La Russia ha intensificato gli attacchi contro navi e infrastrutture legate alle esportazioni di cereali ucraine. L’obiettivo è quello di danneggiare le capacità economiche di Kyiv, nonché la sua posizione negoziale

Durante gli ultimi giorni, l’apparato militare moscovita è tornato a bersagliare con maggiore frequenza navi e infrastrutture collegate alle capacità di export di Kyiv. Nel pomeriggio di lunedì 7 ottobre, due missili balistici Iskander-M hanno colpito la “Optima”, nave cargo battente bandiera di Palau ed ormeggiata nel porto di Odessa, causando alcuni morti e feriti tra i membri dell’equipaggio.

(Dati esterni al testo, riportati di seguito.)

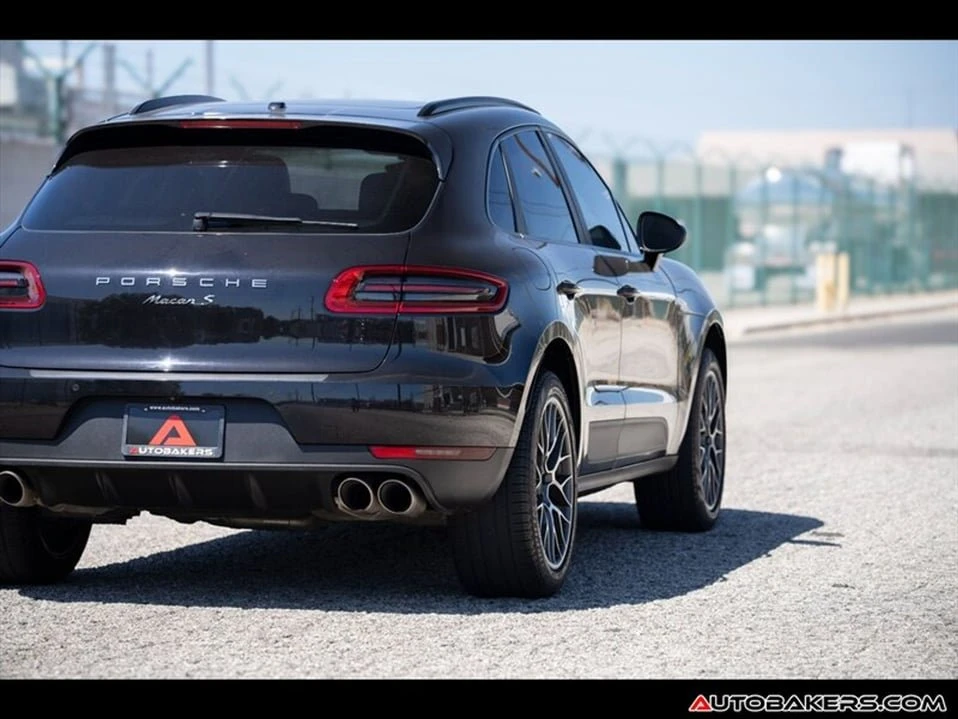 2015 Porsche Macan - Image 10 of 20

Il giorno precedente anche il mercantile carico di cereali “Paresa”, battente bandiera di Saint Kitty e Nevis, era stato attaccato dalle forze russe nel porto di Pivdennyi, adiacente a quello di Odessa; poche ore dopo, la Russia ha lanciato un’estensiva azione offensiva condotta con droni attraverso l’intero oblast di Odessa. Il mese scorso anche la nave “Aya”, sempre battente bandiera di Saint Kitts e Nevis, è stata colpita da un missile russo nel Mar Nero, mentre un’altra nave, una portaerei battente bandiera di Antigua, è stata solamente danneggiata dall’esplosione di una testata mentre era ancorata nel porto di Odessa.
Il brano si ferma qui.